Adaptive State Sharding

Hard

Used by Elrond, Adaptive State Sharding is an approach that combines all types of sharding into one to improve communication and performance.

What Is Adaptive State Sharding?

There are three types of sharding: state, transactions, and network. Elrond’s approach to Blockchain sharding involves the combination of all three types – and is given the name of adaptive state sharding. Combining the advantages of all three types of sharding results in an optimal mechanism. The result enables parallel processing – improves communication inside the shards – and eventually enhances performance.
The current problem in blockchain technology is that it fails to properly scale for certain applications, like banking, supply chain management, and big data analytics. Elrond’s adaptive state sharding gives a mechanism for blockchain that can improve its performance in terms of throughput and scalability.

To better understand adaptive state sharding, it’s essential to understand sharding first.

Sharding is a horizontal partitioning of data in a database or search engine. The word shard means split and refers to splitting data into smaller chunks that can be stored on different machines, allowing horizontal scaling. Like transaction processing and block processing, sharding has been possible for quite some time, but not at the scale it needs to be at for blockchain adoption. With the advent of blockchain technology and smart contracts, we have a real use case of sharding that can be used to break up transactions, blocks, and other relevant data into smaller pieces that can be processed by nodes with limited resources.
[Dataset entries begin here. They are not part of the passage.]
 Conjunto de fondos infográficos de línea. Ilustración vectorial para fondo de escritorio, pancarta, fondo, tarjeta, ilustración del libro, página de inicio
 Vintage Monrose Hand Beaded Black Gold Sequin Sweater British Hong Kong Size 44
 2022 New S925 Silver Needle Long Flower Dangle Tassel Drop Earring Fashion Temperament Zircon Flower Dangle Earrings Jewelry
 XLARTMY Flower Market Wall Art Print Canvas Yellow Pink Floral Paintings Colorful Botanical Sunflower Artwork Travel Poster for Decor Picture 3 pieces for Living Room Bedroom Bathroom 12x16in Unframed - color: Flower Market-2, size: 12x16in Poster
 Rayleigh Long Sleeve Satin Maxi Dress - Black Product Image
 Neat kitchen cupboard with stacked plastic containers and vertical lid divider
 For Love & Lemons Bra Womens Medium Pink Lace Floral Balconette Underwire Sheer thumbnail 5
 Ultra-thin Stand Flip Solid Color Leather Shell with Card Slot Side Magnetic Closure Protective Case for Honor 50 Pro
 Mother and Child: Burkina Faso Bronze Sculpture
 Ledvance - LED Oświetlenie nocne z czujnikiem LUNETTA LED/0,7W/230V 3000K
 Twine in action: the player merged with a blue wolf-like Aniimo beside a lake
Adaptive sharding is a database partitioning technique that allows horizontal scaling of databases by automatically moving data across servers as the load on the system increases or decreases. 

At the network level, sharding occurs to distribute nodes into segments. It happens at the transaction level while all nodes together retain the entirety of the blockchain. Another sharding that takes place is at the state level. This leads to the processing and verification of more transactions at the same time. 

The dynamic adaptive state sharding model allows for adaptation to an increasing or decreasing number of nodes without compromising the decentralization and security of the network. 

Elrond has done well by demonstrating a new approach to sharding, which increases security and throughput and reduces delays. Its approach has the potential, but only time will tell how much adaptive state sharding helps solve the blockchain systems scalability problem.